/---
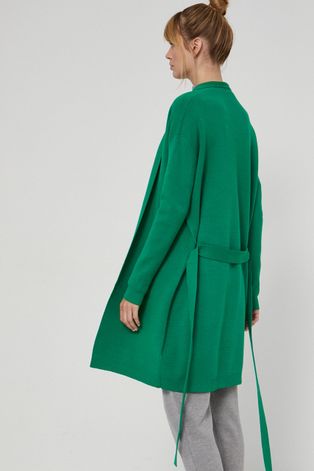 Sweter damski z gładkiej dzianiny zielony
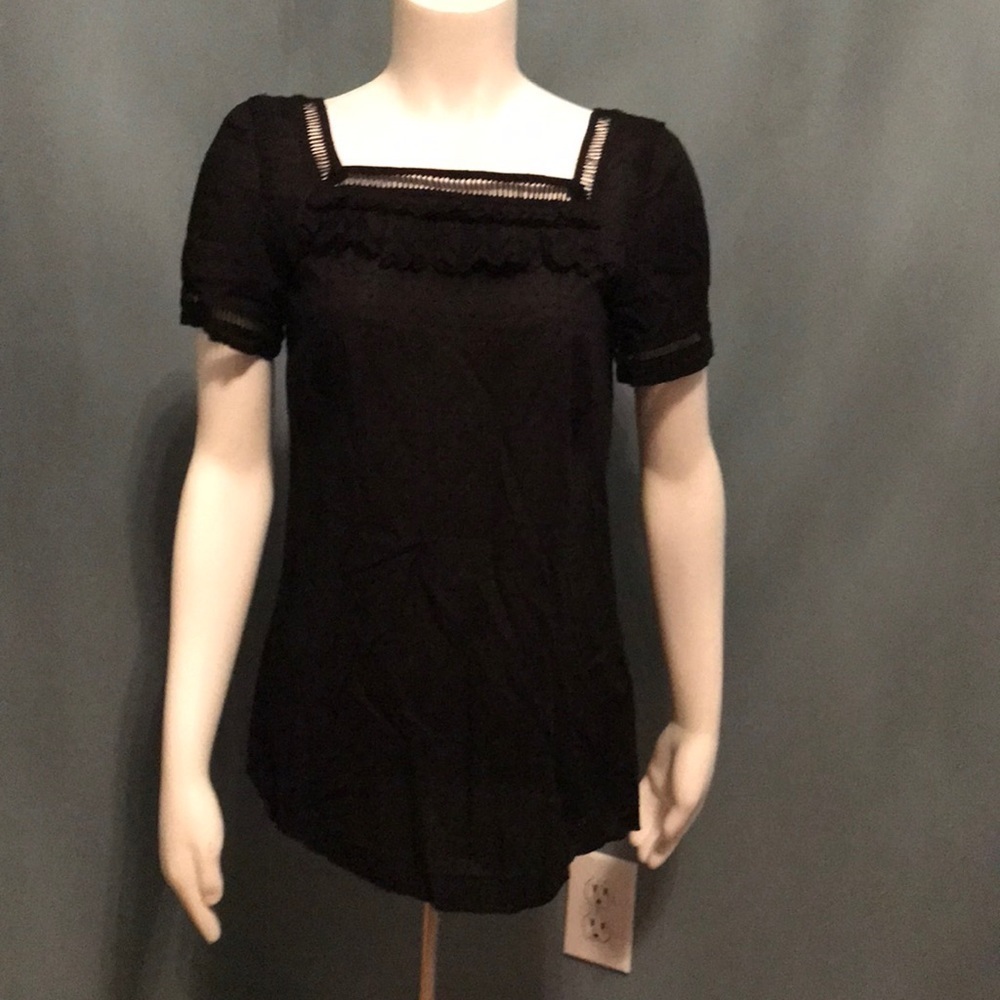 J. Crew Alpansia Swiss Dot Black Short Sleeve Top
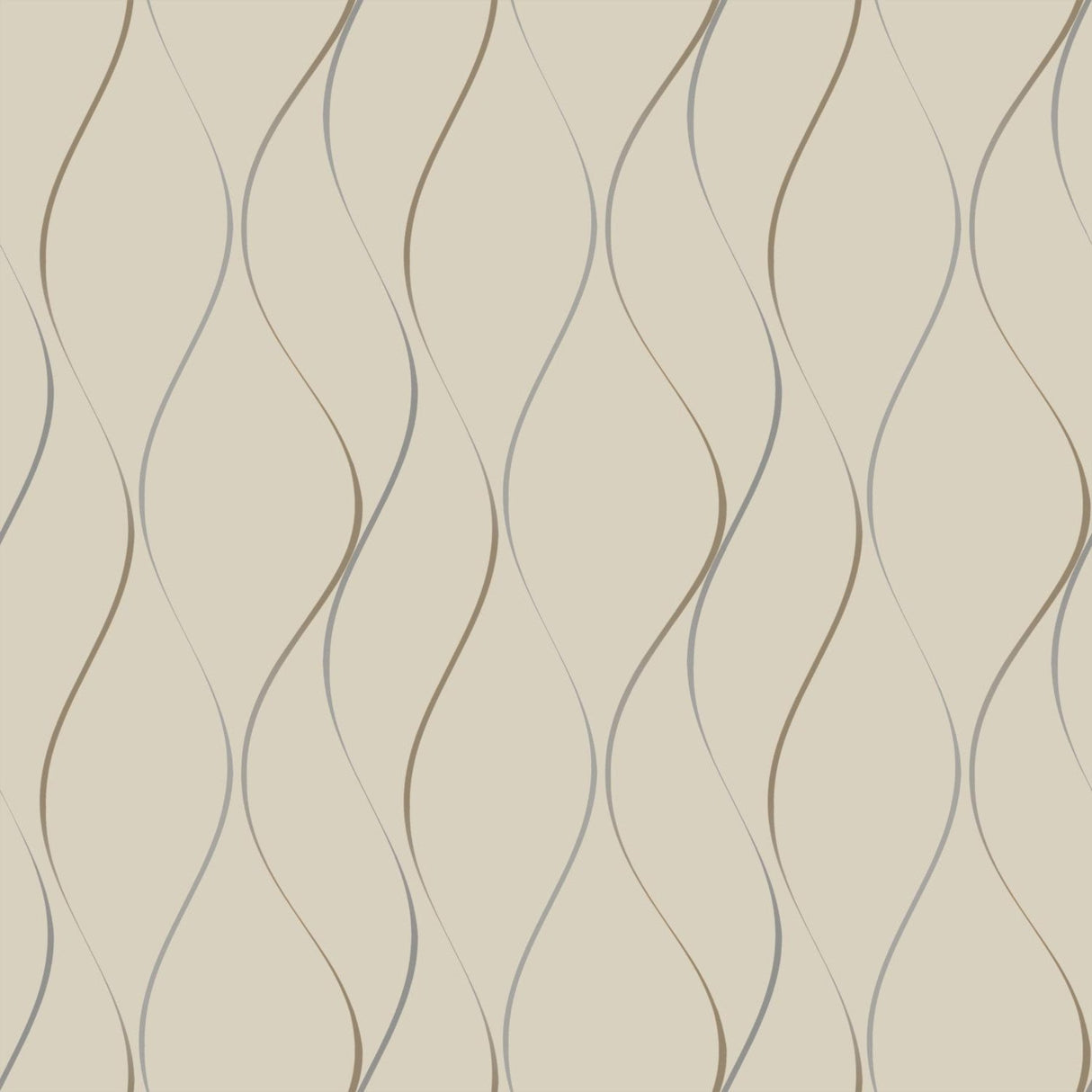 Wavy Stripe Beige Metallic Wallpaper with Stripes Pattern, Unpasted Non Woven - York Y6201404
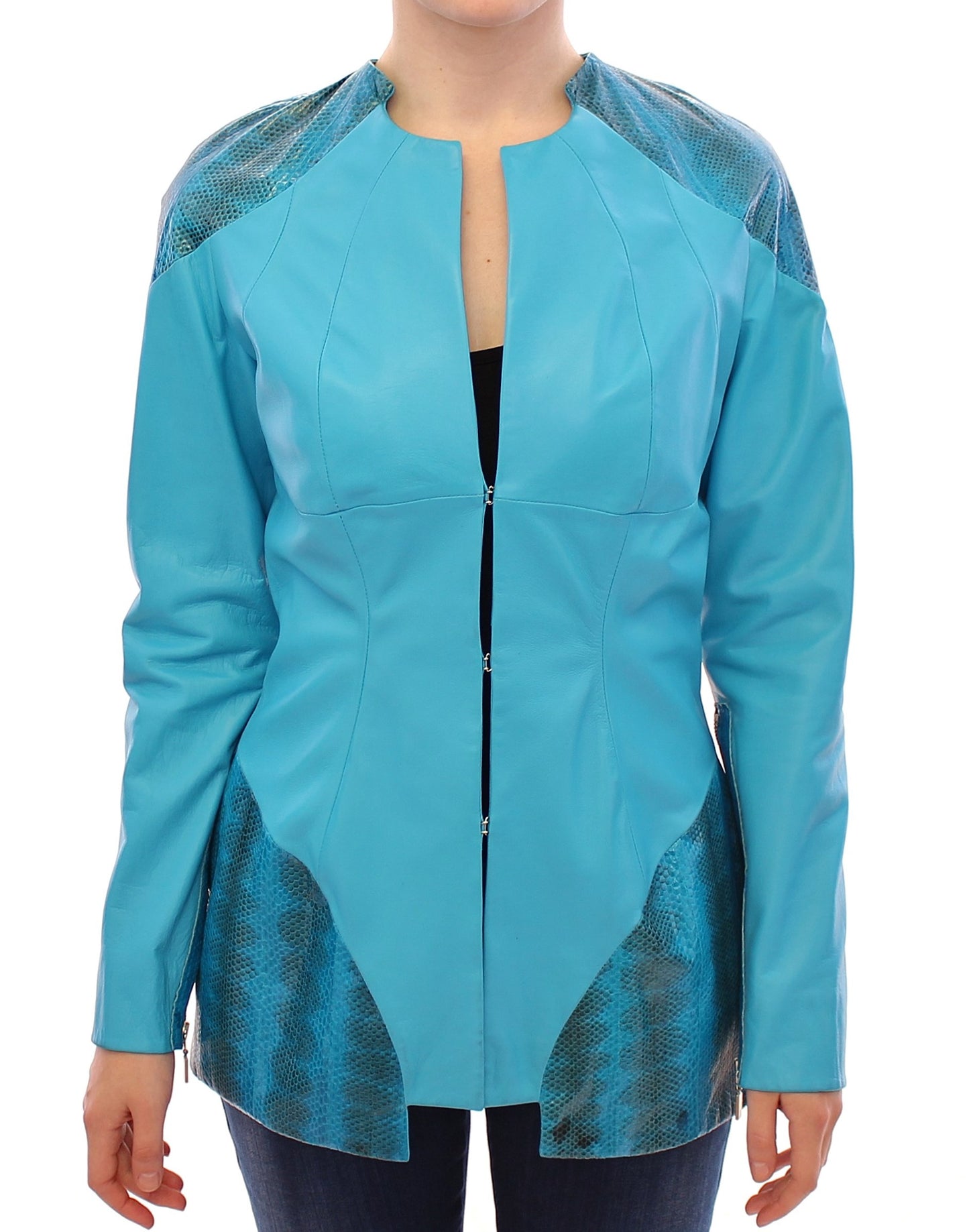 Blue Leather Snake Print Jacket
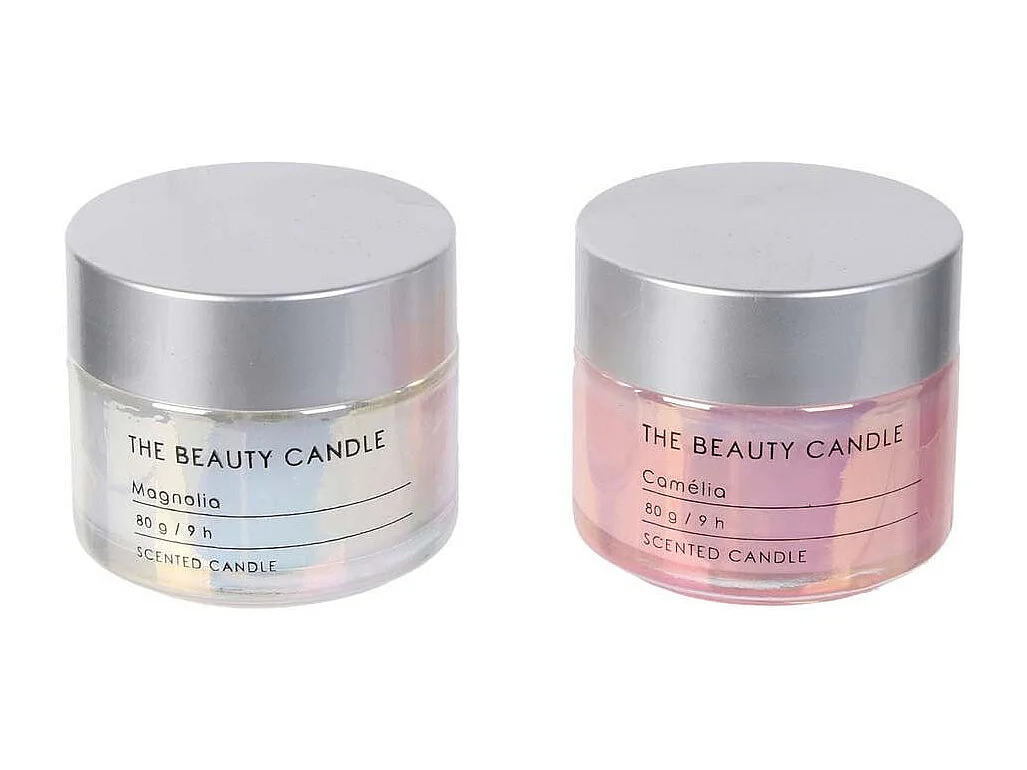 Bougie Parfumee Pot X2 Coffret Beauty Candle Rose, Blanc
\---
◆ ASSIGNMENT ◆
Beginning with the line containing "Blue Leather Snake Print Jacket" and ending with the last line of the data, output those lines exactly and nothing more. Omit every picture.

◆ EXERCISE OUTPUT ◆
 Blue Leather Snake Print Jacket
 Bougie Parfumee Pot X2 Coffret Beauty Candle Rose, Blanc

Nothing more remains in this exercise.